People with lupus may experience a variety of symptoms and signs. Some of the most common include chest pain, an irregular heartbeat, and fluid buildup in and around the lungs and heart. Lupus symptoms are often related to hormonal imbalance, commonly appearing during the reproductive years.
Lupus is a chronic autoimmune disease that has no known cure. As such, lupus treatments aim to control symptoms and limit organ damage. Since lupus symptoms are often unpredictable, treatment plans must be modified to suit each patient. However, some basic steps can help people cope with their symptoms.
People with lupus should follow their healthcare professional's recommendations for managing the disease. They should avoid alcohol and tobacco, as these two substances can interact with medications and cause stomach and intestinal problems. Additionally, they should avoid smoking, as tobacco smoke can affect the heart and lungs. They should also limit the amount of sunlight they expose themselves to. If they do, they should use sunscreen and wear sun protection clothing.

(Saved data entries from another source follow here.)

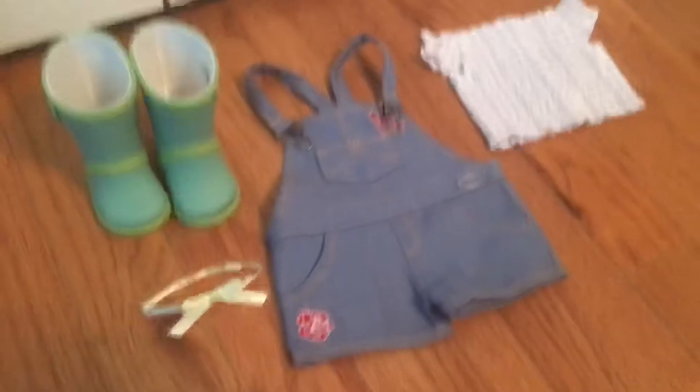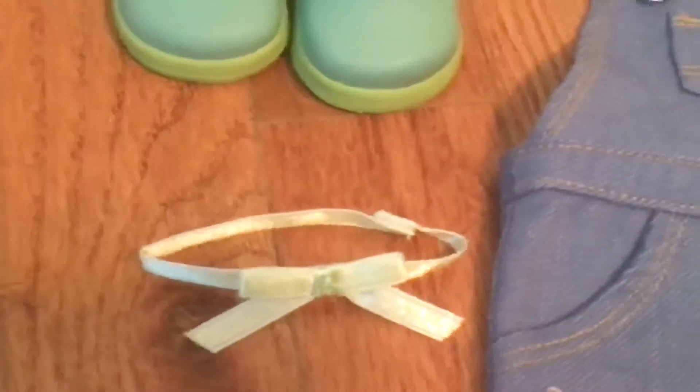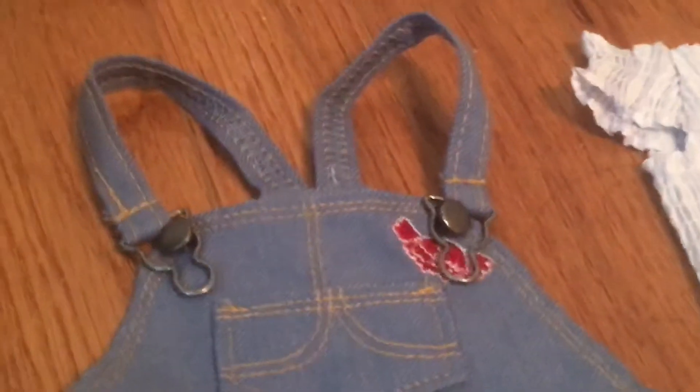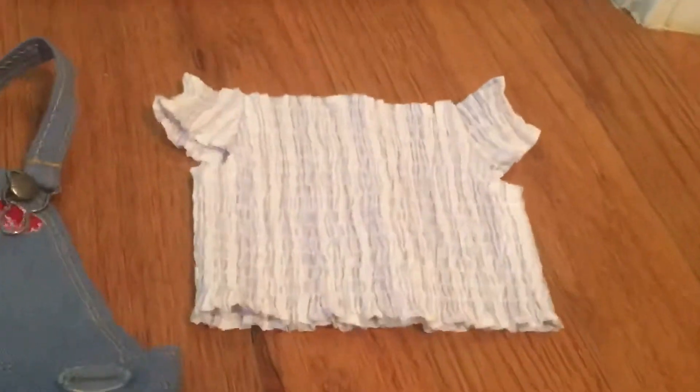Alright guys, so here's what comes in - here's the picture. It comes with these cute two little rain boots and they're just all to die for. This cute little necklace, which is so cute, and this jumper - it has like a flower right there and a flower up there and it's just really cute. And the shirt is just adorable.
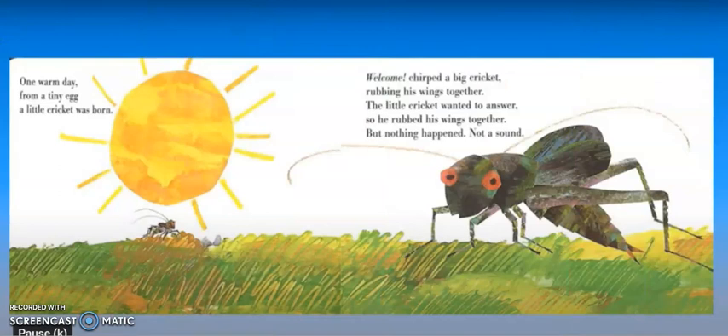One warm day from a tiny egg a little cricket was born. Welcome, chirped a big cricket, rubbing his wings together. The little cricket wanted to answer, so he rubbed his wings together, but nothing happened — not a sound. So there we already have our answer: the big cricket rubbed its wings together and was able to make the chirping noise, but when the little cricket did it, he wasn't able to make the noise. I wonder why.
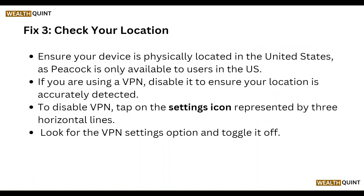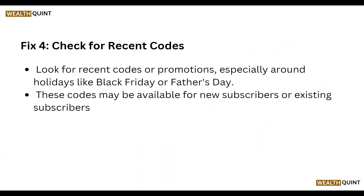If you are using a VPN, disable it to ensure your location is accurately detected. To disable the VPN, tap on the settings icon represented by three horizontal lines, look for the VPN setting option, and power it off.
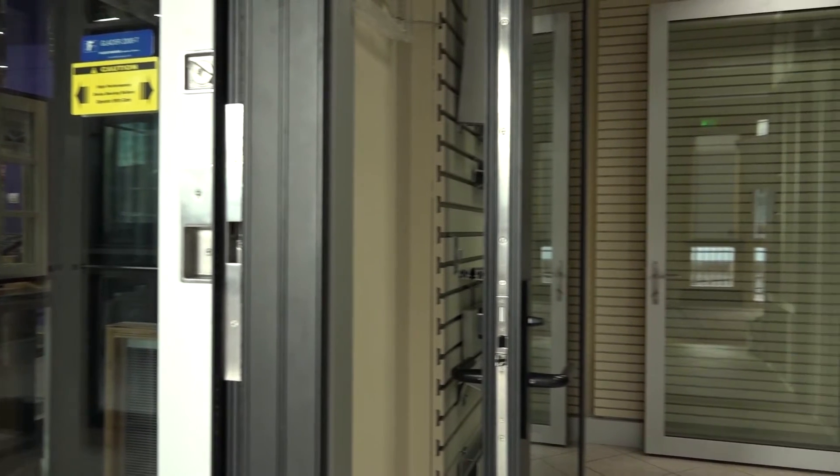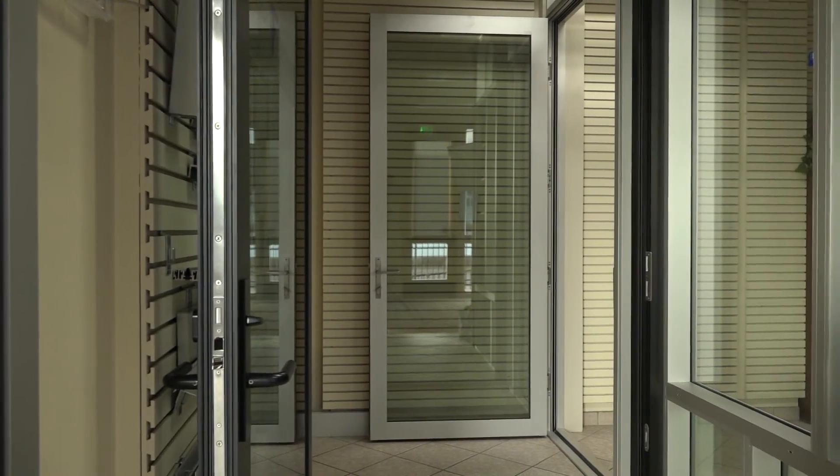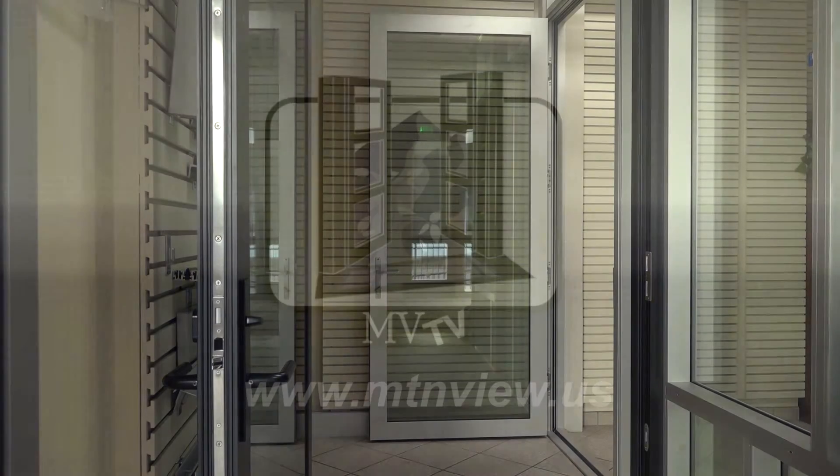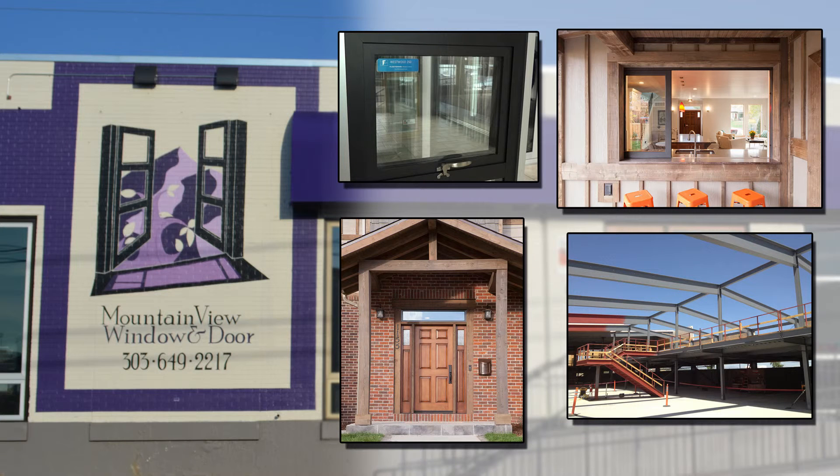We got the best showroom in the nation with all these different products as demonstrated here by Brett and I, so we look forward to talking about Fleetwood windows and doors. Click on any of these pictures to be redirected for more information.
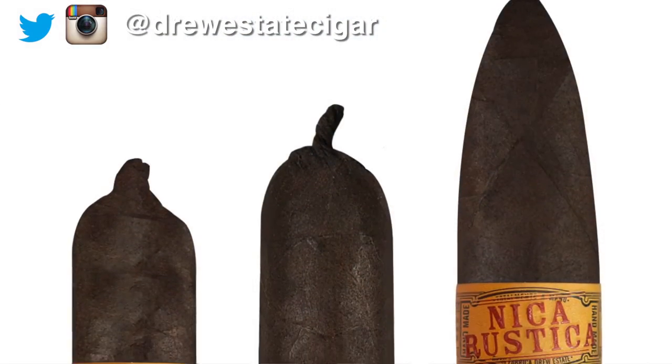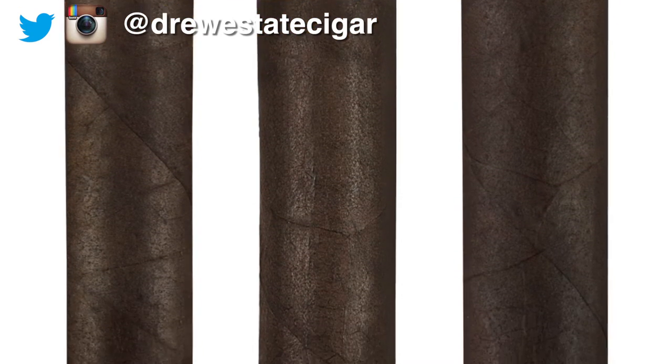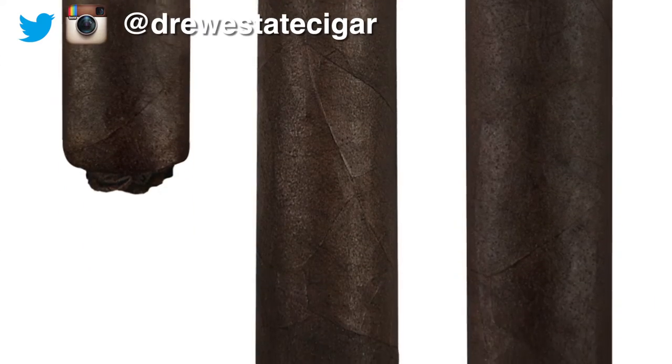So we're here talking about the new Nica Rustica sizes we got coming out. Pedro, why don't you tell us a little bit about them? Well, Nica Rustica — we introduced Nica Rustica last year. It was a big success for Drew Estates. That's what I call Nicolicious. That's a great cigar, actually my favorite cigar from Drew Estates. The new sizes we have: we got the Belly, which is 7.5 by 54 — that's a nice Churchill size — and for the people that love the Robusto size, we call it the Short Robusto, and that one is 4.5 by 54.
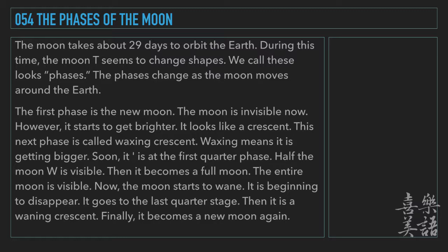Now, the moon starts to wane. It is beginning to disappear. It goes to the last quarter stage. Then, it is a waning crescent. Finally, it becomes a new moon again.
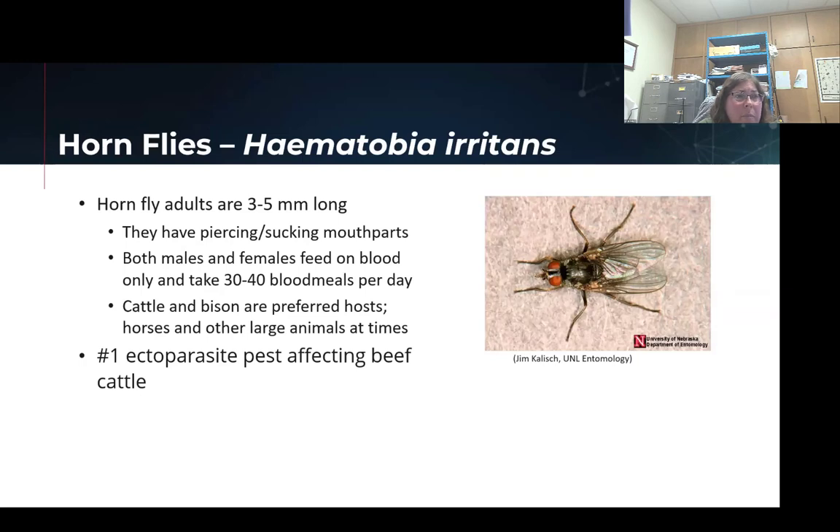The horn fly is the most impactful when it comes to the beef cattle industry. It is found almost exclusively with cattle. They will bite on other livestock — if you have horses near cattle or if you have bison, you'll definitely see them too. But they do solely rely on beef cattle for their survivability. They take many blood meals a day, and both males and females are blood feeders. That can be very impacting to your animals if they're being bitten on a regular basis, because they're not designed to take a large blood meal — they take many small blood meals throughout the day.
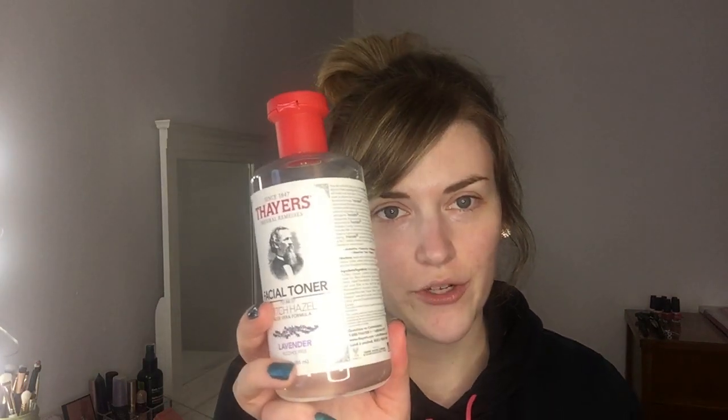You might remember from my last skincare video I did it in my bathroom, but today I've moved into my beauty room because I really didn't like the acoustics in there. I've already cleansed using my Cetaphil cleanser, and now I'm going in with my Thayers witch hazel toner — you guys know I love this — taking that all over the face after I pin back my hair.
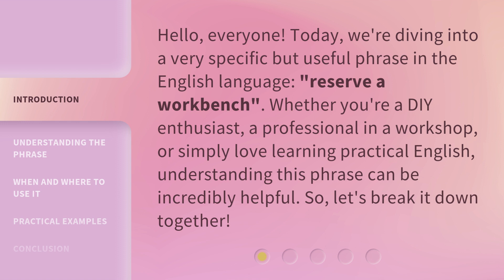Whether you're a DIY enthusiast, a professional in a workshop, or simply love learning practical English, understanding this phrase can be incredibly helpful. So, let's break it down together.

Lupus symptoms vary from person to person and can limit daily functioning. Lupus can also affect the spinal cord and brain nerves, resulting in neurological problems. Other symptoms of lupus include headaches, dizziness, and mood changes. Symptoms should be treated promptly since untreated lupus can lead to permanent damage.
Some people with lupus can be treated with nonsteroidal anti-inflammatory drugs (NSAIDs). Corticosteroids, or pain medications, are commonly prescribed for lupus. These drugs can reduce inflammation and the likelihood of lupus flare-ups, but they can also have side effects. Patients should be aware that high steroids can lead to serious side effects like heart and kidney problems. In more severe cases of lupus, drugs that suppress the immune system may be prescribed. However, these medications can also cause side effects, including nausea, diarrhea, and stomach bleeding. Antimalarial medications are also effective for reducing the frequency of lupus flare-ups. However, they may increase the risk of heart, kidney, and eye problems.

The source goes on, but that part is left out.